FFM performance tweaks

Sat Nov 23 12:20:58 UTC 2024

I experimented a bit with Brian's test code and these are my findings.

First of all, we're talking about much more complexity, it's an entire
database worth of code before we get to the final memory accesses via
VarHandle. So, a more realistic scenario compared to the Vulkan demo.

Enabling StressIncrementalInlining on its own makes no impact because
the code hits DesiredMethodLimit before the NodeCountInliningCutoff.
This is another develop mode flag, hardcoded to 8000, also unchanged
since 2007. I used -XX:-ClipInlining to get around it.

Before showing the results, I should mention that the test is memory
bound and all measurements were done with the JVM process pinned to the
cache CCX of my X3D, which makes it run 35% faster. I also reworked the
test code a bit, to give it a better chance to warmup properly.
Basically:

for (int i = 0; i < 10; i++) {
    try (Database db = Database.open(config)) {
        bench(db);
    }
}

with 2GB cache size, 4GB heap, 1 thread, 5M records per run.

Baseline (default JVM options):
239 call-sites with eliminated allocations
406 DesiredMethodLimit failures
30 NodeCountInliningCutoff failures

With: -XX:-ClipInlining
245 call-sites with eliminated allocations
0 DesiredMethodLimit failures
353 NodeCountInliningCutoff failures

With: -XX:-ClipInlining -XX:+StressIncrementalInlining
394 call-sites with eliminated allocations
0 DesiredMethodLimit failures
2 NodeCountInliningCutoff failures

Performance baseline:
---------
duration: 2.381 seconds
duration: 2.127 seconds
duration: 2.124 seconds
duration: 2.108 seconds
duration: 2.101 seconds
duration: 2.076 seconds
duration: 2.056 seconds
duration: 2.086 seconds
duration: 2.055 seconds
duration: 2.041 seconds

Performance with -XX:-ClipInlining -XX:+StressIncrementalInlining:
---------
duration: 2.572 seconds
duration: 2.248 seconds
duration: 2.175 seconds
duration: 2.082 seconds
duration: 1.995 seconds
duration: 1.919 seconds
duration: 1.878 seconds
duration: 1.895 seconds
duration: 1.87 seconds
duration: 1.902 seconds

Indeed, with the flags we see slower warm-up and unstable results (due
to should_delay_inlining randomization probably), but again, there is a
definite improvement in eliminated allocations and peek performance.

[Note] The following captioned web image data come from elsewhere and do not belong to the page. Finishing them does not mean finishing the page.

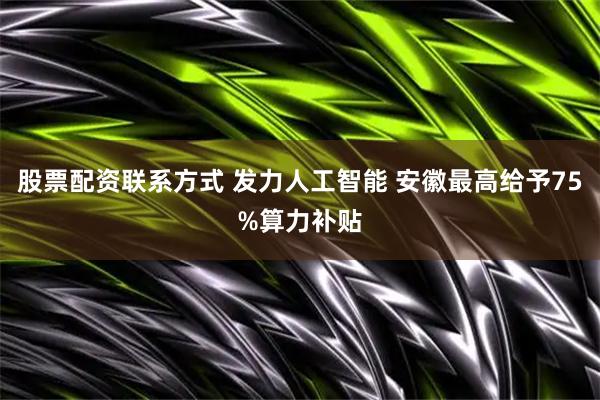股票配资联系方式 发力人工智能 安徽最高给予75%算力补贴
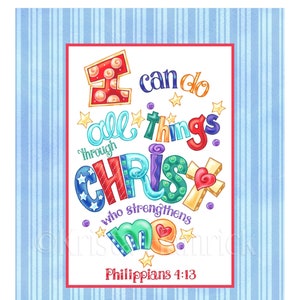 May include: A colorful quilt panel with the text "I can do all things through Christ who strengthens me. Philippians 4:13". The panel has a blue striped border and measures 22.5 inches by 33.5 inches.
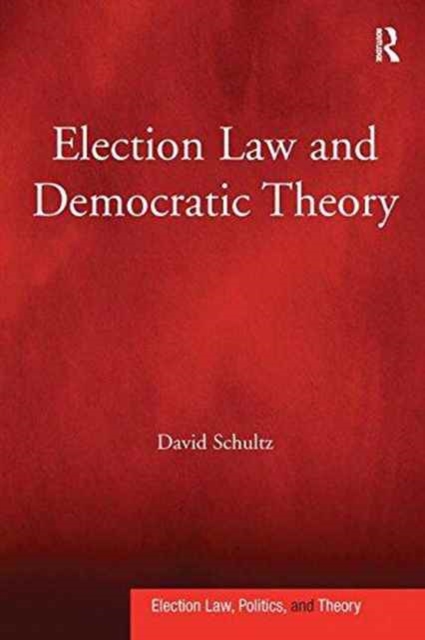 Election Law and Democratic Theory, Paperback / softback Book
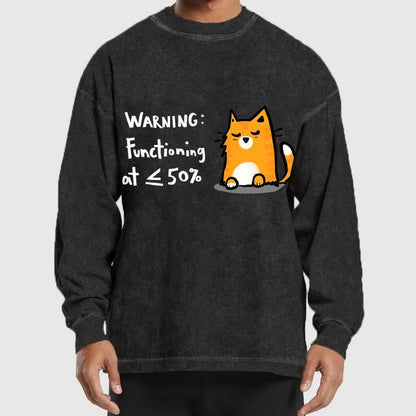 Functioning at Reduced Capacity Washed Long Sleeve Tee
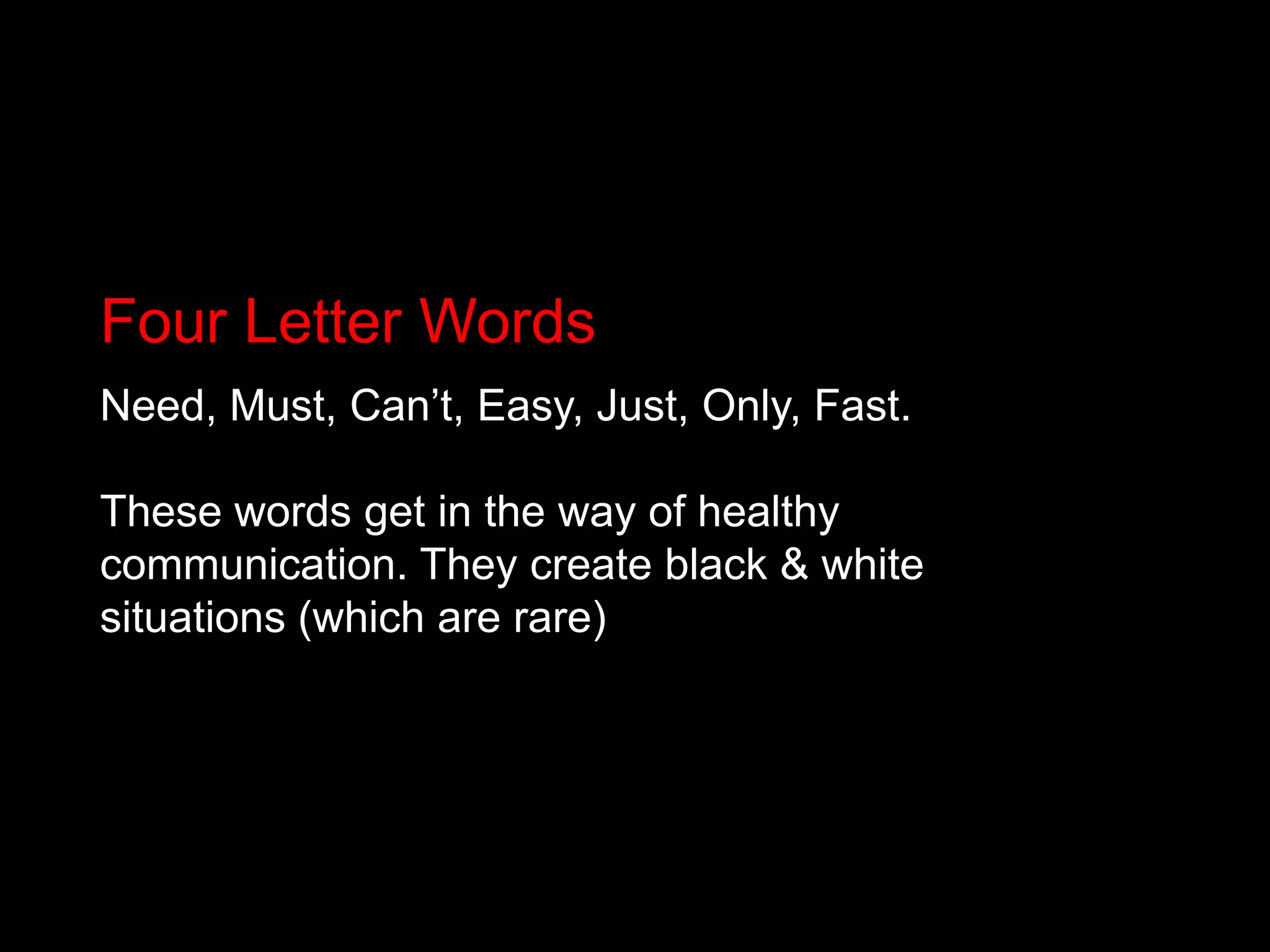 Four Letter WordsNeed, Must, Can’t, Easy, Just, Only, Fast.These words get in the way of healthy communication. They create black & white situations (which are rare)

IMHO, the most interesting result is that with -XX:-ClipInlining only
we again see a significant number of NodeCountInliningCutoff failures,
which suggests that there might be something wrong with the incremental
inlining heuristics and there is room for improvement.

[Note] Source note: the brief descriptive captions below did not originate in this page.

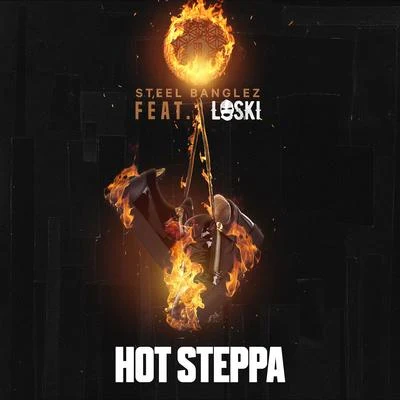 Steel Banglez/Loski Hot Steppa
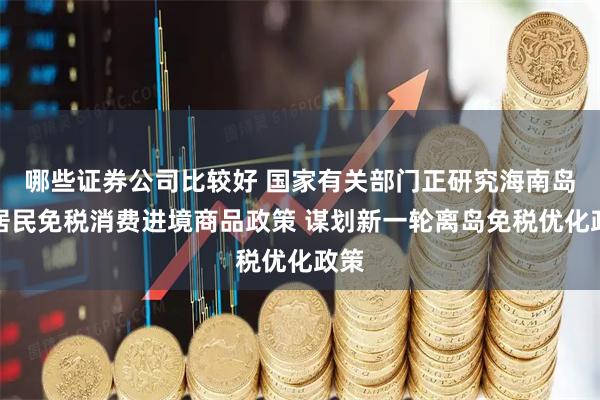 哪些证券公司比较好 国家有关部门正研究海南岛内居民免税消费进境商品政策 谋划新一轮离岛免税优化政策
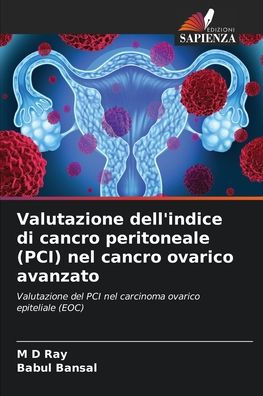 Valutazione dell'indice di cancro peritoneale (PCI) nel cancro ovarico avanzato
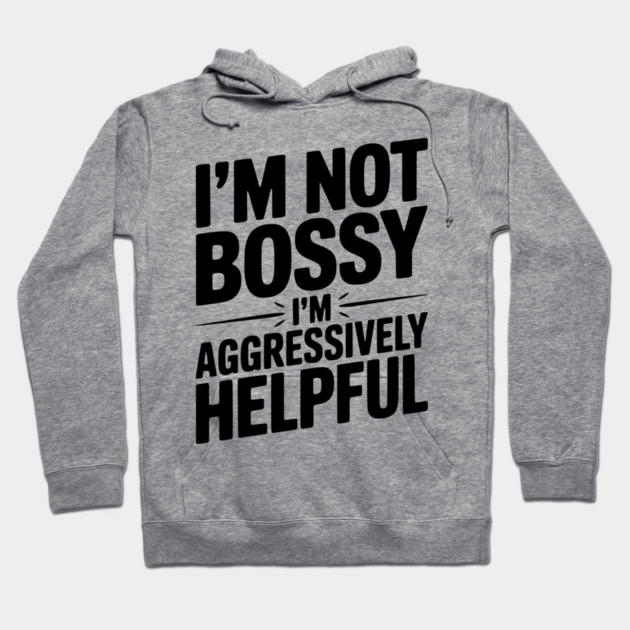 I’m Not Bossy I’m Aggressively Helpful Hoodie by Frank Ring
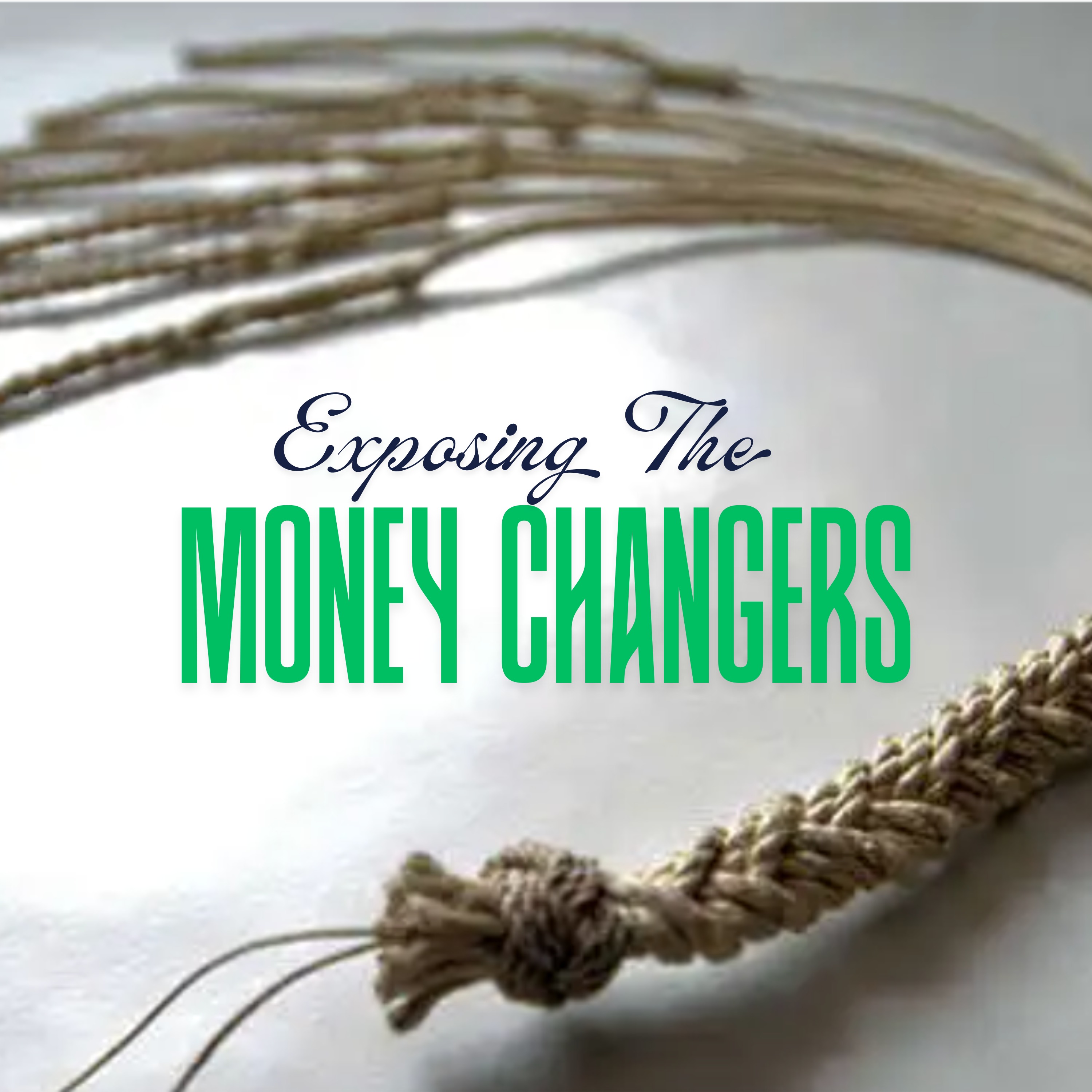 Exposing The Money Changers-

On Fri, 22 Nov 2024 at 20:55, Maurizio Cimadamore
<maurizio.cimadamore at oracle.com> wrote:
>
> Thanks for confirming.
>
> Maybe it's a dead end, although the dependency on
> -XXStressIncrementalInline kind of make sense, given we had
> independently verified that a large number of dead nodes were present in
> the compiled graph, and those nodes contributed to the overall "count".
> So, in effect, by enabling that option, we make more methods target for
> incremental inlining, which is independent of dead nodes, which then
> solves the specific issue with NodeCountInliningCutOff (at least that's
> my understanding).
>
> Maurizio
>
> On 22/11/2024 18:47, Brian S O'Neill wrote:
> > I tested with the -XX:+StressIncrementalInlining option and it tends
> > to slow down the warmup period, but overall performance isn't
> > improved. In one case it appeared to be about 5% slower overall.
> >
> > On 2024-11-22 10:03 AM, Maurizio Cimadamore wrote:
> >
> >>>
> >>> Having no other (obvious) way to affect inlining in a product JVM, one
> >>> workaround that did work was -XX:+StressIncrementalInlining (with some
> >>> variance due to randomization of should_delay_inlining()). Not sure why
> >>> this is a product flag, but it does make a huge difference. Everything
> >>> in demo_draw_build_cmd gets fully inlined and GC activity drops to
> >>> nothing, with either the JNI or FFM backends.
> >> This is an intersting finding! I'd be curious if this could also be
> >> replicated in Brian's tuple database benchmark.
> >>>